“Odiei a sua tese, mas com muito prazer” — Willy e a santa inquisição da academia, por Regina Porto
Regina Porto — Compositora, documentalista, ensaísta e agente cultural. É mestranda em Música pela Unicamp e em Ciência da Informação pela USP. Foi produtora e diretora da Cultura FM de SP, editora de música da revista Bravo!, curadora de concertos do Instituto CPFL e documentarista do Acervo Osesp. Suas áreas de interesse incluem artes acústicas, memória documentária e políticas de dados abertos. Conduz o projeto independente Ludovica® OpenMusic, pesquisa os manuscritos do Acervo Koellreutter e estuda a obra de Debussy. É bolsista CAPES pela USP.

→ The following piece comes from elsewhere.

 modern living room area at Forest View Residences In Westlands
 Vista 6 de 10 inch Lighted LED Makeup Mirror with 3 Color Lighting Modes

ilustrações por Alexandre Amaral — Ale Amaral é pai da Laura e continua insistindo ser designer e músico. Trabalha no Sesc São Paulo desde 2004, atualmente como designer gráfico no Selo Sesc. Toca bateria no barulhento duo Bugio e em projetos de Improvisação Livre. É Capricórnio, mas com ascendente em Peixes.
Artista sem pares. Pensador de estirpe. Músico central — e fora do eixo. Gênio? Louco? A publicação deste manuscrito, engavetado por mais de uma década, recupera a trajetória desviante do ultramarxista Willy Corrêa de Oliveira (Recife-PE, 11 de fevereiro de 1938), compositor que fez história na música erudita brasileira, abriu combate contra o chamado sistema, deu tchau às vanguardas de estimação e cavou a própria bonança em vida — não sem antes infernizar meio mundo, dentro e fora da academia, a começar pela USP. Relato em forma de Réquiem, em seis movimentos de época, originais de 2008.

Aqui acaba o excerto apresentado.